What you give back from the listing below should be an exact copy of the lines from the one with "У Кропивницькому рятувальники" down to the one with "Six Functional Mushroom", and it should contain no pictures.

***** WORKING DATA *****

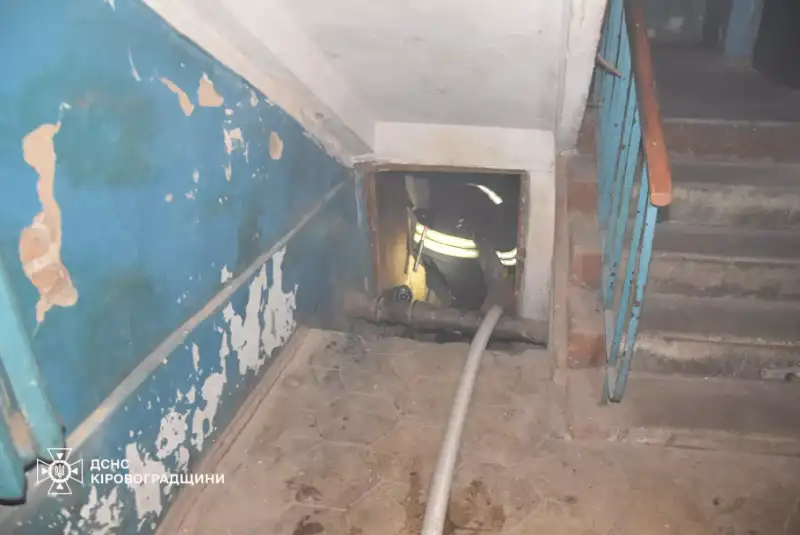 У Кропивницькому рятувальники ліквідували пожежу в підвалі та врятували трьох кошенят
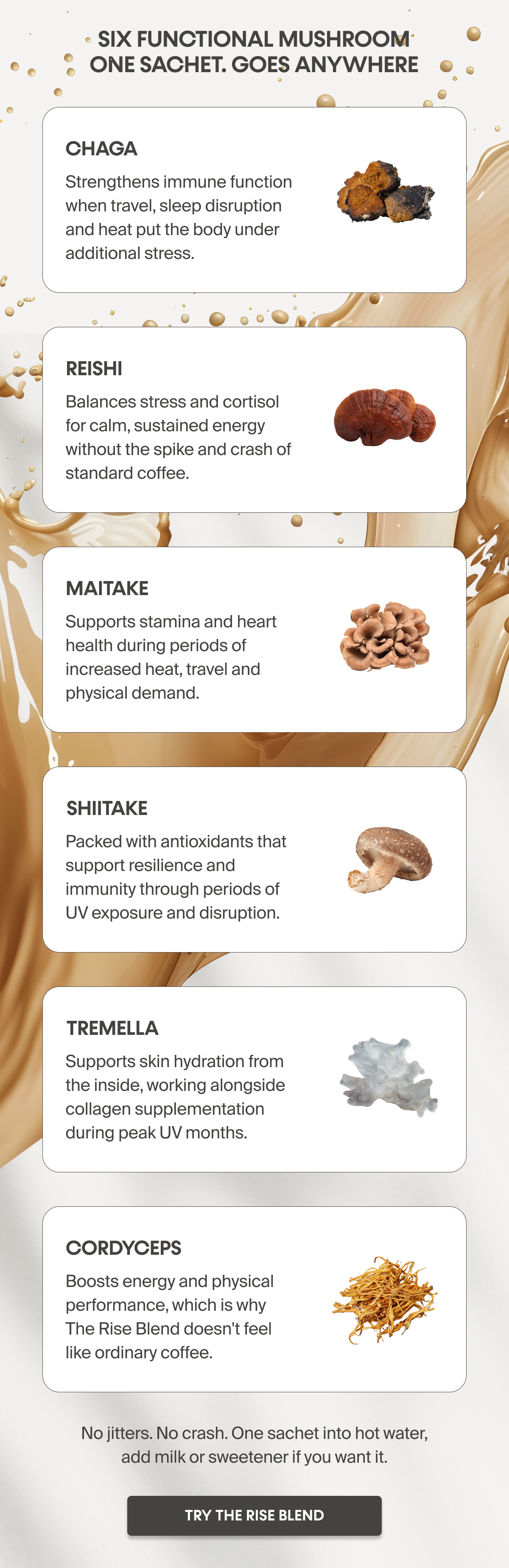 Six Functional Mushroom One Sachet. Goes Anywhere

*****
***** WORKING DATA *****

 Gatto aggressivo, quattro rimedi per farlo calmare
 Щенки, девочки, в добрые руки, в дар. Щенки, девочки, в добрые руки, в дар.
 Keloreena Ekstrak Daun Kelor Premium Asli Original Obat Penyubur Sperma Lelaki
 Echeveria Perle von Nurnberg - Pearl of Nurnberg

*****

(TASK ANSWER)
 У Кропивницькому рятувальники ліквідували пожежу в підвалі та врятували трьох кошенят
 Six Functional Mushroom One Sachet. Goes Anywhere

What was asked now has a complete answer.